PROBLEM REQUIREMENTS: The material beneath this line should be printed exactly, with its pictures omitted.

——————————

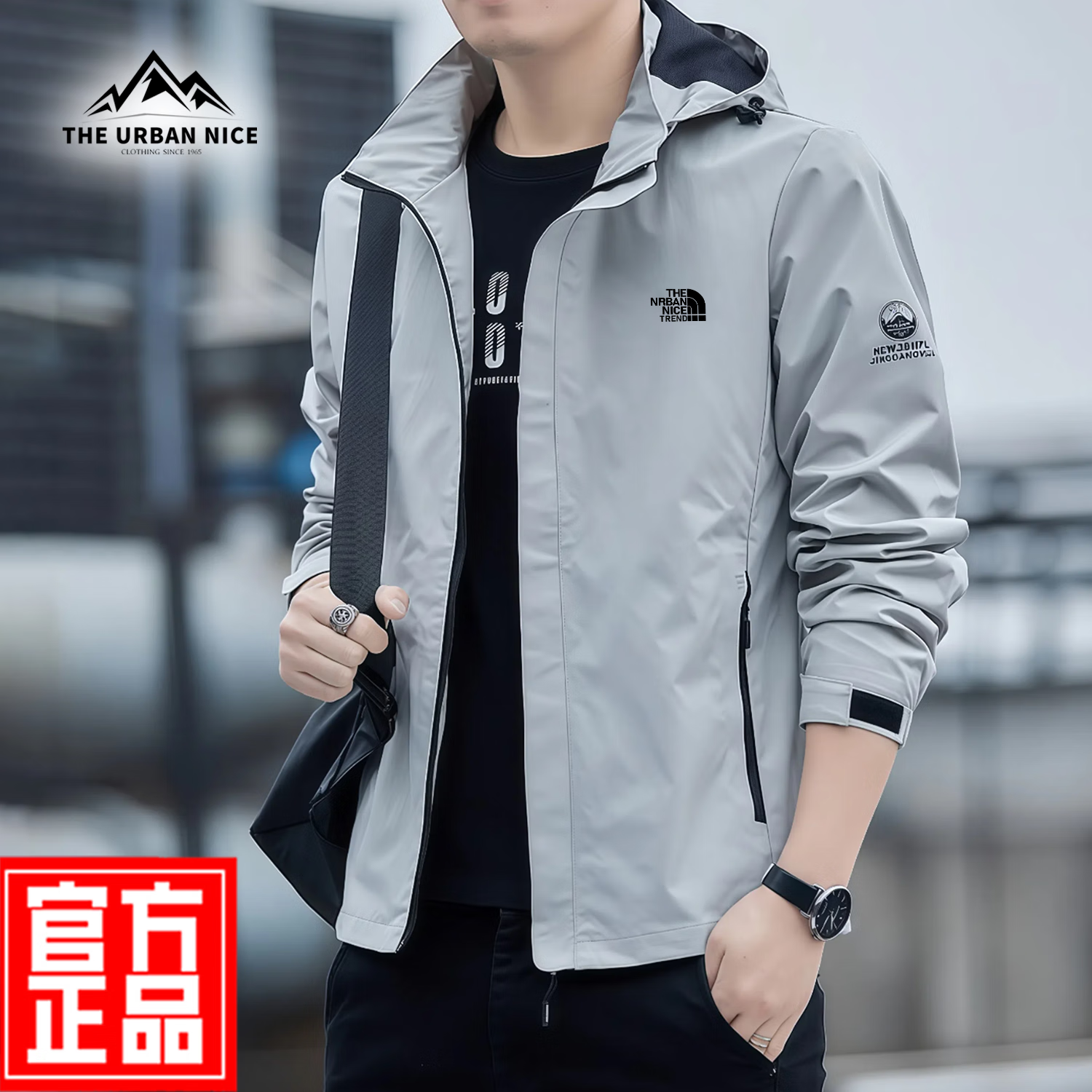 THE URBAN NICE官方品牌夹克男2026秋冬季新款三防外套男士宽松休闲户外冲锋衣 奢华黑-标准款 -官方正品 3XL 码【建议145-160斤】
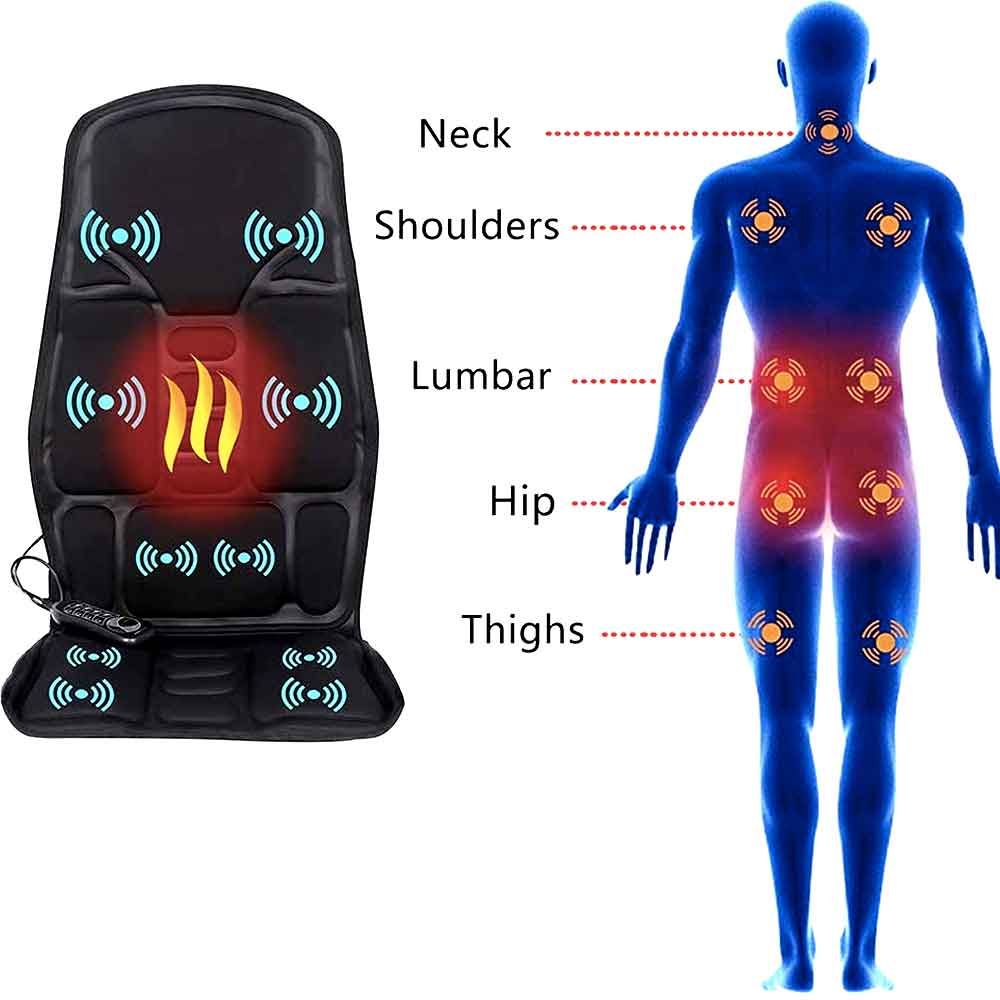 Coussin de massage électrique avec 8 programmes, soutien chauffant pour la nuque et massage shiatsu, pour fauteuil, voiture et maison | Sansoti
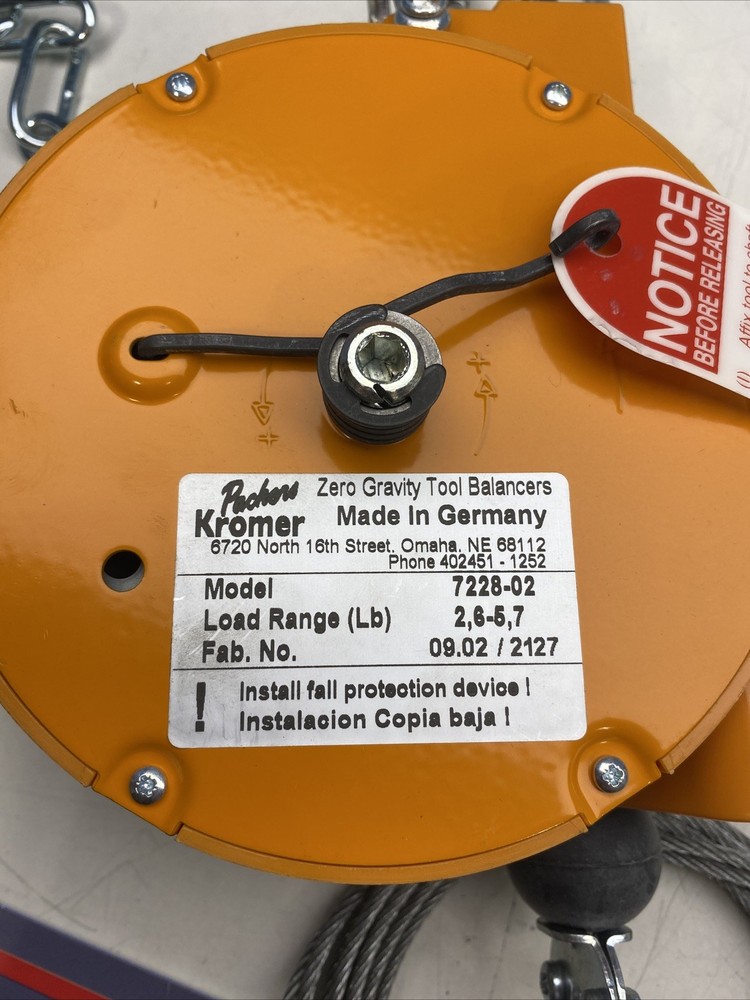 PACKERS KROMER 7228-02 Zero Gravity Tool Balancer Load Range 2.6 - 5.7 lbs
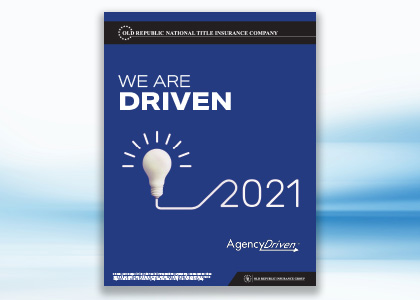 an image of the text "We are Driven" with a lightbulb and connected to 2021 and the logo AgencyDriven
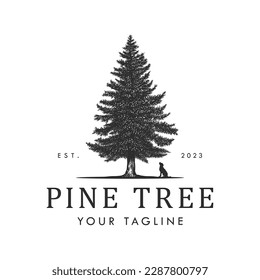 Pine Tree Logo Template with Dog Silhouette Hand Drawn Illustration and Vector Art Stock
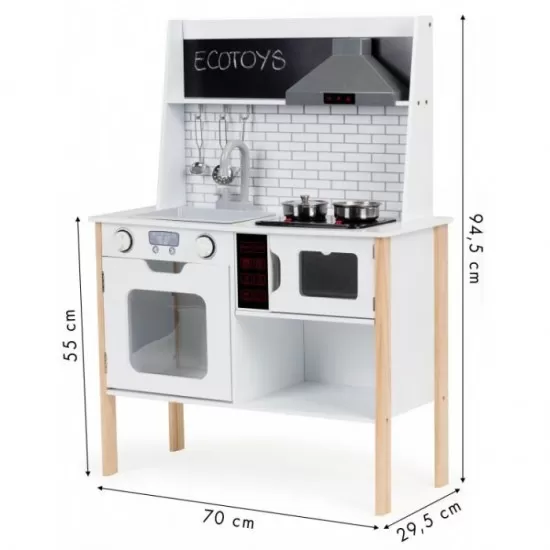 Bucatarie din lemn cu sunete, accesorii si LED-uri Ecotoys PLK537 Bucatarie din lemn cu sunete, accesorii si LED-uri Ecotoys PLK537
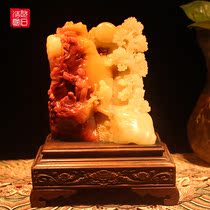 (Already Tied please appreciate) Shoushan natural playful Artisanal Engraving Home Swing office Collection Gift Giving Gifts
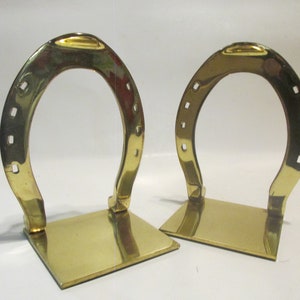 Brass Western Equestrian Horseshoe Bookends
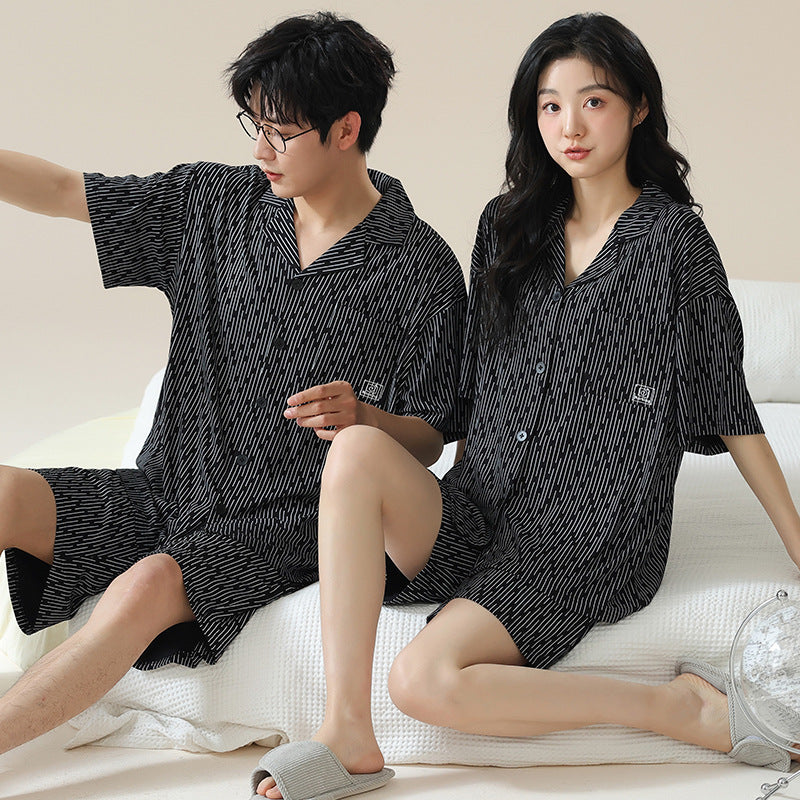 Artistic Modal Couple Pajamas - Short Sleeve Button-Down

——————————

TASK ANSWER:
 THE URBAN NICE官方品牌夹克男2026秋冬季新款三防外套男士宽松休闲户外冲锋衣 奢华黑-标准款 -官方正品 3XL 码【建议145-160斤】
 Coussin de massage électrique avec 8 programmes, soutien chauffant pour la nuque et massage shiatsu, pour fauteuil, voiture et maison | Sansoti
 PACKERS KROMER 7228-02 Zero Gravity Tool Balancer Load Range 2.6 - 5.7 lbs
 an image of the text "We are Driven" with a lightbulb and connected to 2021 and the logo AgencyDriven
 Pine Tree Logo Template with Dog Silhouette Hand Drawn Illustration and Vector Art Stock
 Bucatarie din lemn cu sunete, accesorii si LED-uri Ecotoys PLK537 Bucatarie din lemn cu sunete, accesorii si LED-uri Ecotoys PLK537
 (Already Tied please appreciate) Shoushan natural playful Artisanal Engraving Home Swing office Collection Gift Giving Gifts
 Brass Western Equestrian Horseshoe Bookends
 Artistic Modal Couple Pajamas - Short Sleeve Button-Down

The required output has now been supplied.